Big rise in workers facing daily commutes of two hours or more
More people have a long journey to work, with an estimated 3.7 million now commuting for over two hours a day, a study shows.
The number of employees with daily commutes to and from work of two hours or more has jumped by almost a third over the past five years, said the TUC.
Research by the union organisation found that the proportion of workers travelling two hours or more to and from work every day has risen from one in nine to one in seven.
More women have long journeys to get to work, especially in sectors such as education, health and social care, said the report.
Workers in Northern Ireland have experienced the biggest rise in commuting times, followed by those in the South East and East of England, said the TUC.
Commuting times for workers using buses or London Underground have fallen by up to five minutes a day, while increasing for other forms of transport such as rail or car, the study revealed.

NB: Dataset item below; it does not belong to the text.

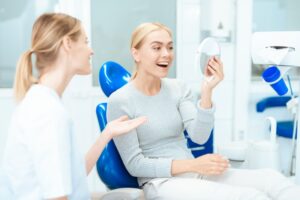 Cosmetic dentistry patient admiring her smile in mirror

TUC general secretary Frances O'Grady said: "None of us like spending ages getting to and from work. Long commutes eat into our family time and can be bad for our working lives too.
"Employers cannot turn a blind eye to this problem. More home and flexible-working would allow people to cut their commutes and save money.
"But if we are to reduce the pain of traffic jams and train delays, ministers need to invest more in public transport and our roads. Next week's Autumn Statement is the perfect opportunity to do this."
Phil Flaton, of campaign group Work Wise, said: "Long commutes have become a part of the UK's working culture. The excessive time spent commuting is one of the main factors contributing to work-life balance problems.
"Not only is the amount of time commuting an issue, the 9 to 5 culture with its peak travel times generates congestion on railways, underground and road networks and as a consequence, increases stress for commuters.
"Clearly the Government, public transport providers and employers must do more in order to address the major negative impact on the UK's economy and lost productivity."